**What to do:**
Every line from the one holding "Bridal Shower Floral" through the final line of the entries is to be reproduced exactly, and no other line.
------------------------------------------------
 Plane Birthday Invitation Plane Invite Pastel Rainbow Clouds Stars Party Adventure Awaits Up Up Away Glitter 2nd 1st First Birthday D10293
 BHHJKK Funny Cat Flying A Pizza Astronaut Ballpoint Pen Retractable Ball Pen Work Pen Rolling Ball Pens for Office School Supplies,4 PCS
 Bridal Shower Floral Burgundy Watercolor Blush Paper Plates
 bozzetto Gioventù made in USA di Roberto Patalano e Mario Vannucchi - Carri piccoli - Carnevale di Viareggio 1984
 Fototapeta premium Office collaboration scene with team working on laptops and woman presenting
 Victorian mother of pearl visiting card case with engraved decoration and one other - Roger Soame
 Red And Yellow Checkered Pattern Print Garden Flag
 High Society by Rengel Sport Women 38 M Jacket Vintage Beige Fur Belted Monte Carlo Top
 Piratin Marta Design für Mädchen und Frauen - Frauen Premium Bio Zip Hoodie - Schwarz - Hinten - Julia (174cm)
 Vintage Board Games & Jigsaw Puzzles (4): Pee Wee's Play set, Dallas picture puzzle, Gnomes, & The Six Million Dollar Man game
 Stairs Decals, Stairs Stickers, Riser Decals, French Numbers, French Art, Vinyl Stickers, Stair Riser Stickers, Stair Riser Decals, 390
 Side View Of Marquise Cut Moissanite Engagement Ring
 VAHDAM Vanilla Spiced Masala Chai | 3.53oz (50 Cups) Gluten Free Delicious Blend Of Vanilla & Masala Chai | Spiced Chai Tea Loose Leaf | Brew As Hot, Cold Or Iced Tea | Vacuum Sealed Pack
------------------------------------------------
**Reply to the task:**
 Bridal Shower Floral Burgundy Watercolor Blush Paper Plates
 bozzetto Gioventù made in USA di Roberto Patalano e Mario Vannucchi - Carri piccoli - Carnevale di Viareggio 1984
 Fototapeta premium Office collaboration scene with team working on laptops and woman presenting
 Victorian mother of pearl visiting card case with engraved decoration and one other - Roger Soame
 Red And Yellow Checkered Pattern Print Garden Flag
 High Society by Rengel Sport Women 38 M Jacket Vintage Beige Fur Belted Monte Carlo Top
 Piratin Marta Design für Mädchen und Frauen - Frauen Premium Bio Zip Hoodie - Schwarz - Hinten - Julia (174cm)
 Vintage Board Games & Jigsaw Puzzles (4): Pee Wee's Play set, Dallas picture puzzle, Gnomes, & The Six Million Dollar Man game
 Stairs Decals, Stairs Stickers, Riser Decals, French Numbers, French Art, Vinyl Stickers, Stair Riser Stickers, Stair Riser Decals, 390
 Side View Of Marquise Cut Moissanite Engagement Ring
 VAHDAM Vanilla Spiced Masala Chai | 3.53oz (50 Cups) Gluten Free Delicious Blend Of Vanilla & Masala Chai | Spiced Chai Tea Loose Leaf | Brew As Hot, Cold Or Iced Tea | Vacuum Sealed Pack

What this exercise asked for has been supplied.